Leyonhjelm has been Australia’s politics’ answer to a Filipino basketballer for some time now — that, or its James Bond villain.
Once, his notions of libertarianism sounded fresh alongside tired political orthodoxies.
Of late, he has ranted about shagging and bitches, like a crash-test dummy with a neurological disorder, as if rehearsing for an upcoming live tour that ought to be called Sophistry of the Penis.
He has explained that he often tells people to “f--- off”, as though boasting membership in some special club.
“If I think they should shut up, I’ll tell them to shut up,” he has said.
The pity? Even though Leyonhjelm seems like a lonely sod, he’s hardly alone. This is how public discourse largely works now.
Take his political sparring partners, the Greens. They disguise their intolerance with arguments about the greater good. They tell people to shut up by reaching into their very deep bag labelled “BANS”.
Call it “look-at-me” politics. Like Leyonhjelm, it’s bathed in stridency and joylessness — and dressed up as the opposite.
Last week, a Greens senator wanted to ban balloons, though he stopped short of calling to ban children. This week, the Greens turned to another atrocity few had identified — the reading of the Lord’s Prayer at the start of each parliamentary sitting.
Senator Richard Di Natale said the practice, which dates to 1901, was “quite jarring” and unrepresentative of those of different faiths or no faith.

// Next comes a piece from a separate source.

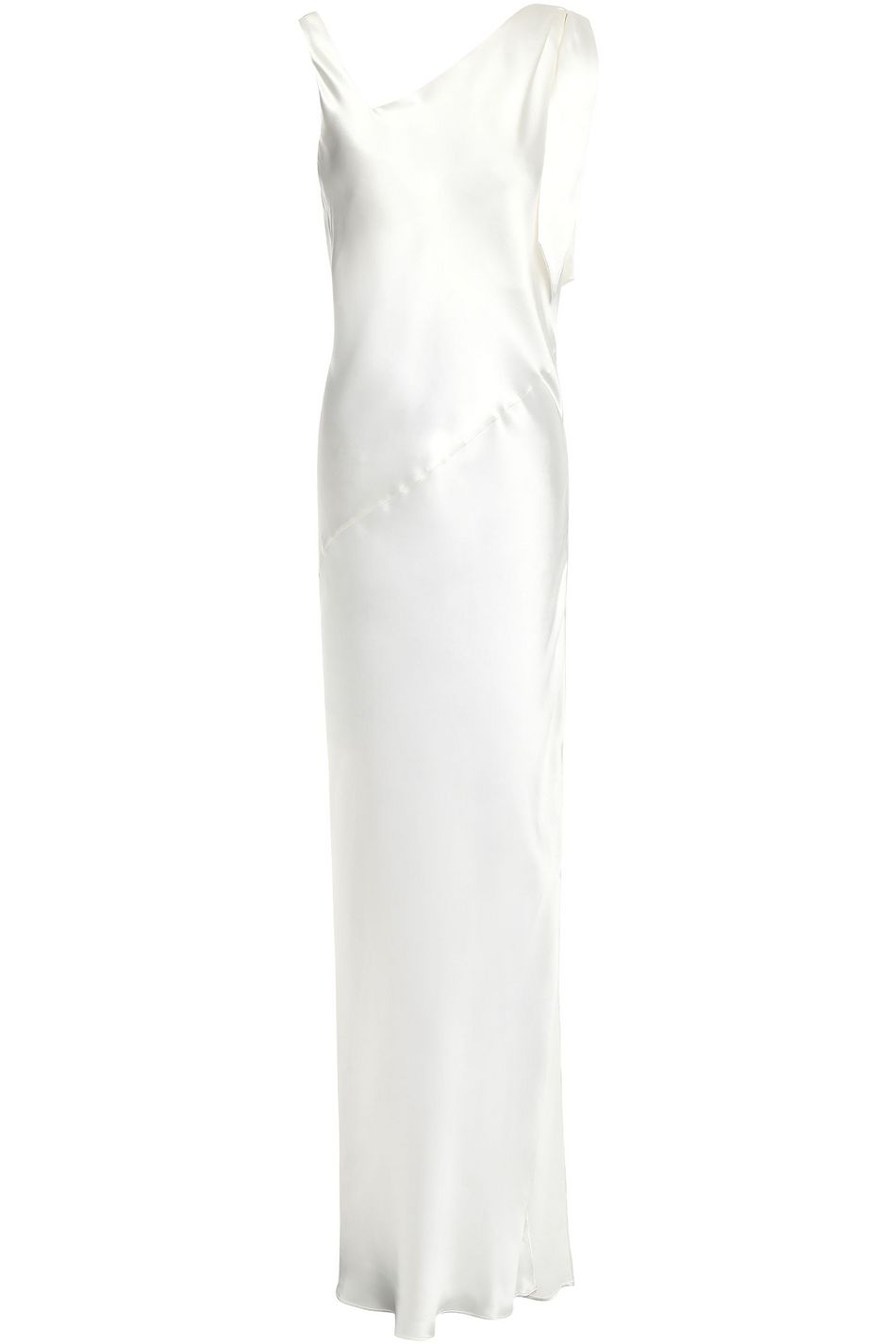 ivory silk maxi dress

He didn’t like it. It had to stop. Now.
That Muslims and Buddhists had not risen to complain about the Lord’s Prayer was beside the point.
Di Natale was drawing on figures that showed declining faith in Australia. One in four Australians did not believe in God or a universal spirit in 2009 — though it’s worth noting that former Greens leader Bob Brown has spoken about aliens being “extincted”.
Levels of faith have plummeted in Australia. About half the nation identified as Christian in 2016, compared with 88 per cent in 1966.
What’s unclear is whether Di Natale has listened to what anyone else wants or to the prayer itself. It offers pointers to politicians — as well as Christians and Muslims — about everyday respect and kindness. Even an atheist can acknowledge this.
To “forgive others” seems like a universal virtue. To ask forgiveness for your own failings implies acknowledgment of your own imperfections. As does the guidance from temptation and evil.
We could all use reminders like these. Except of course if you’re a Green or a libertarian — and you assume that you are more civilised than the rest of us.